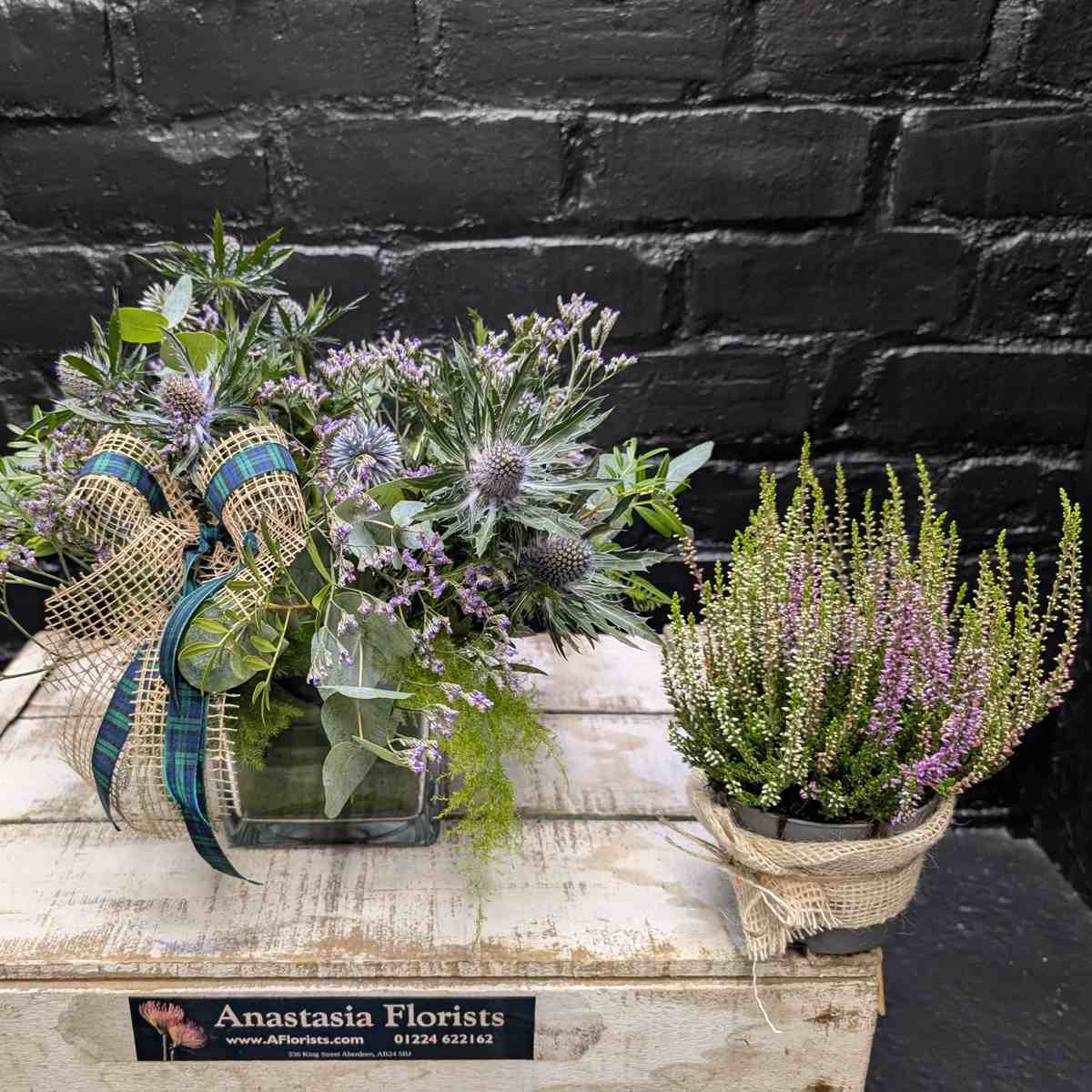 Scottish thistle and heather flower arrangement with lilac blooms, foliage and tartan ribbon in a glass cube vase – Anastasia Florists Aberdeen - Split View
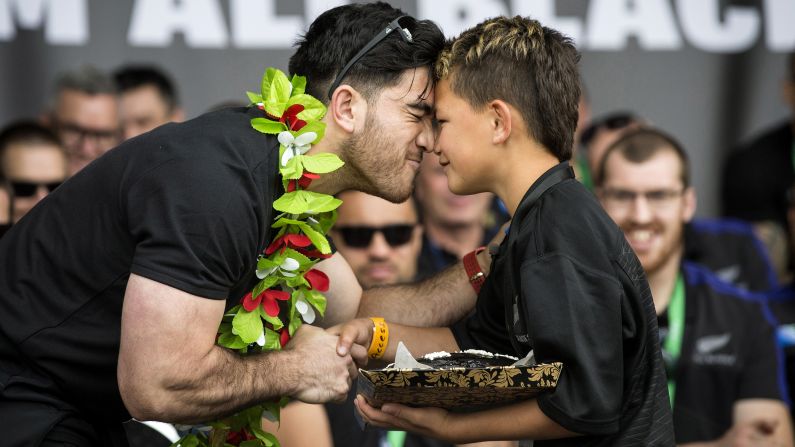 New Zealand rugby player Nehe Milner-Skudder rubs noses with young fan Kuratiwaka Ngarimu during a welcome-home parade for the national team on Wednesday, November 4. The "All Blacks" defended their Rugby World Cup title by defeating Australia in the tournament final.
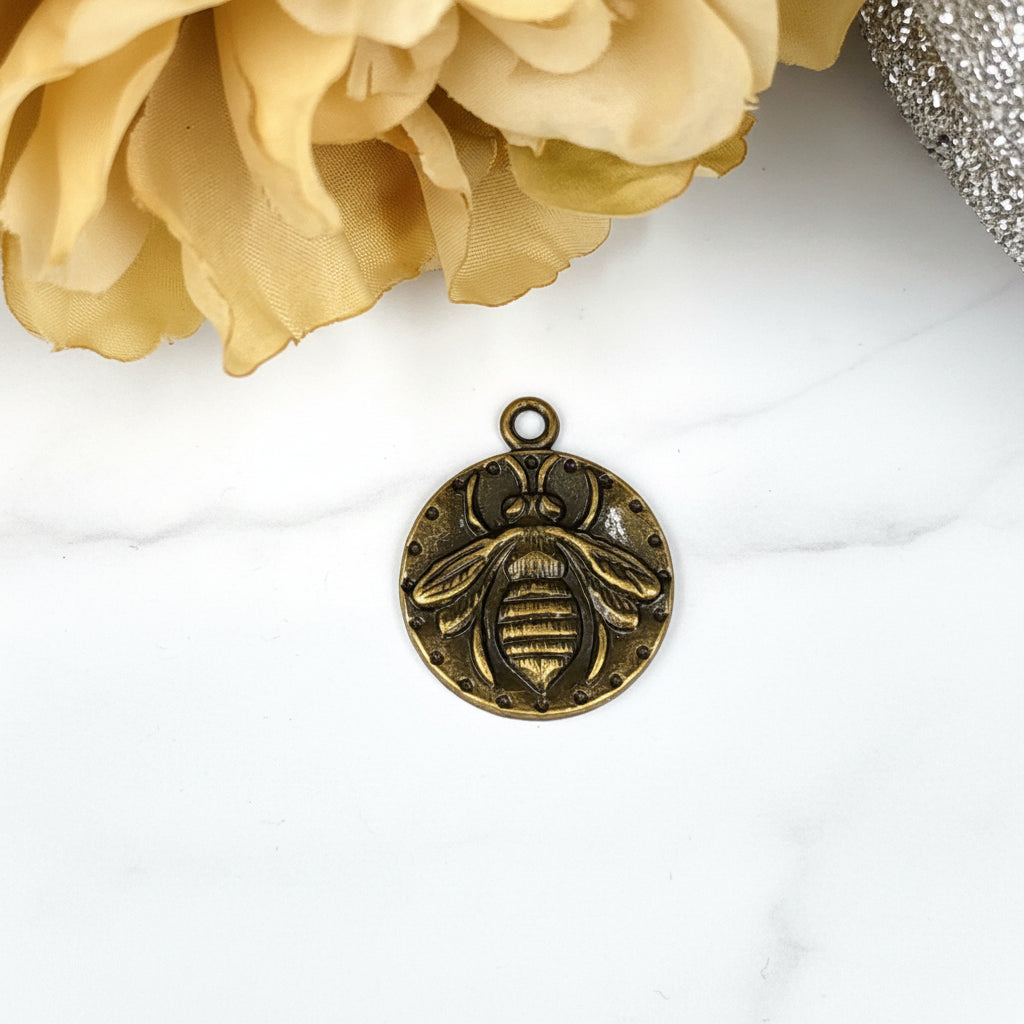 A bronze bee-shaped pendant or charm.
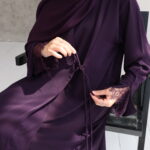 Stunning plum wrap abaya with a graceful draped fit. Crafted from premium, breathable fabric for all-day elegance and effortless style.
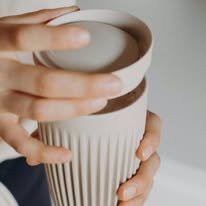 Hands around a ribbed cup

++++++++++

All lines from the line with "Stunning plum wrap" through the final line of the data, both included, are to be repeated exactly; no other lines and no pictures.

▶ [Final answer]:
 Stunning plum wrap abaya with a graceful draped fit. Crafted from premium, breathable fabric for all-day elegance and effortless style.
 Hands around a ribbed cup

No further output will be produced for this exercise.